Cent jours de Félix Tshisekedi : un pas dans la bonne direction

Lundi 6 Mai 2019 - 19:15

Abonnez-vous

  • Augmenter
  • Normal

Current Size: 100%

Version imprimable

En trois mois, le nouveau président de la République, investi le 24 janvier dernier, a donné des signaux incontestables du changement de gouvernance au sommet de l’Etat, pensent maints analystes.

La chronique politique de ces dernières heures reste dominée par les cent jours de Félix-Antoine Tshisekedi Tshilombo à la tête du pays. Chacun y va de son commentaire pour jauger ses premiers pas, selon qu’il voit le verre à moitié vide ou à moitié plein. Et comme toujours, des rancœurs et antipathies mal dissimulées ont plus tendance à s’exprimer dans un tel exercice qui requiert, pourtant, une bonne dose d’objectivité pour une meilleure appréciation des faits.

En trois mois de gestion sous l’ère Fatshi, des signaux incontestables du changement de gouvernance au sommet de l’Etat sont bien perceptibles. Evoluant dans un contexte difficile où, en l'absence d’un gouvernement responsable et d’un Premier ministre, la présidence s’est muée, par la force des choses, en épicentre des intérêts sociaux et politiques, Félix Tshisekedi a su tirer son épingle du jeu en maîtrisant l’équilibre institutionnel.  

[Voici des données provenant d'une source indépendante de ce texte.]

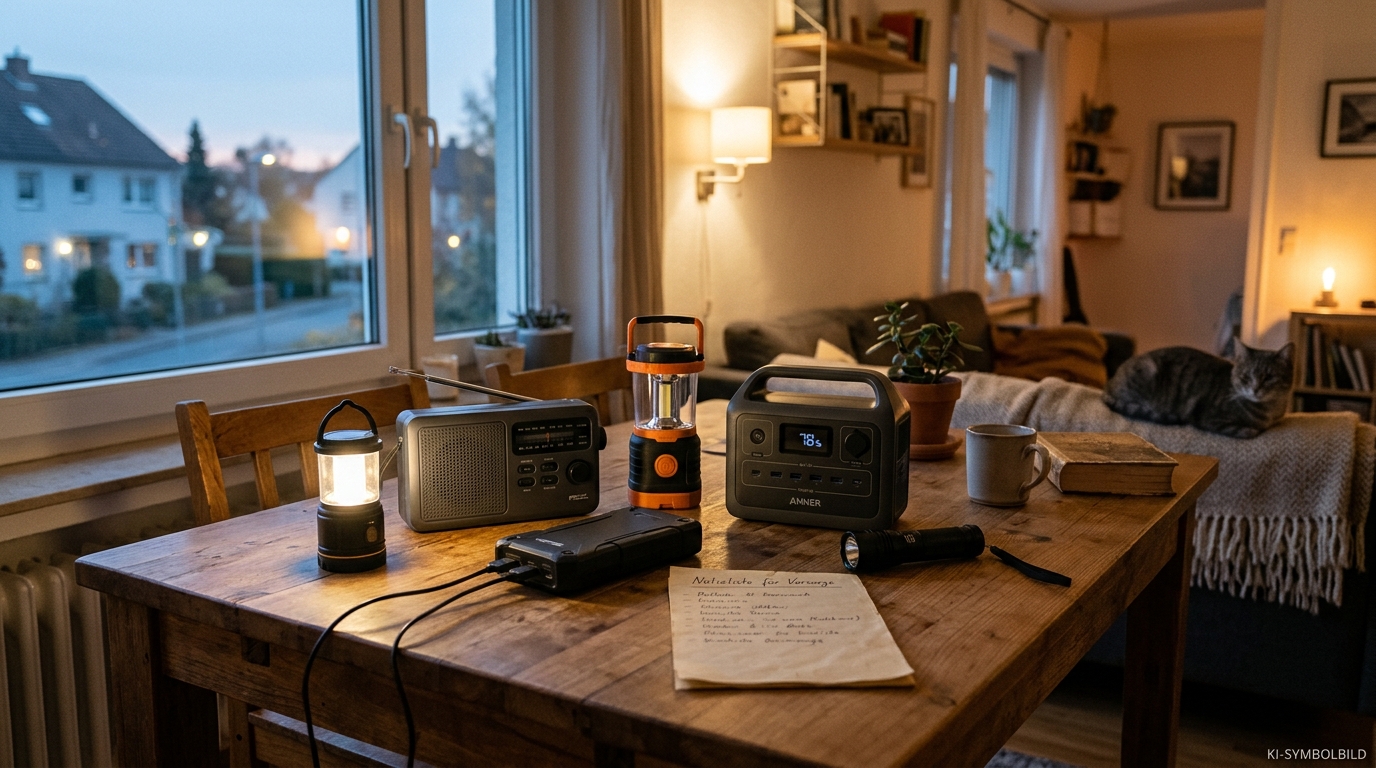 KI-Symbolbild: Vorsorgeausstattung für einen Stromausfall zu Hause.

Les premières secousses enregistrées dès l’aube de son quinquennat avec, à la clé, une fronde sociale caractérisée par une série de grèves dans le secteur public, n’ont pas eu raison de sa détermination à rompre avec l’impunité et à rétablir la sanction. Du colonel de la police tenu responsable des dérapages de ses éléments lors d’une manifestation des étudiants de Lubumbashi au directeur général de l’Université pédagogique nationale, en passant par celui de Transco, de l’ARPTC, ou encore de la SCTP, tous auront payé de leur égarement et de leur megestion. La paix sociale à laquelle ont donné lieu les sanctions leur infligées est le fait de la volonté de Félix Tshisekedi à rétablir l’ordre lorsque les intérêts sociaux sont contrecarrés par la frénésie boulimique des dirigeants.   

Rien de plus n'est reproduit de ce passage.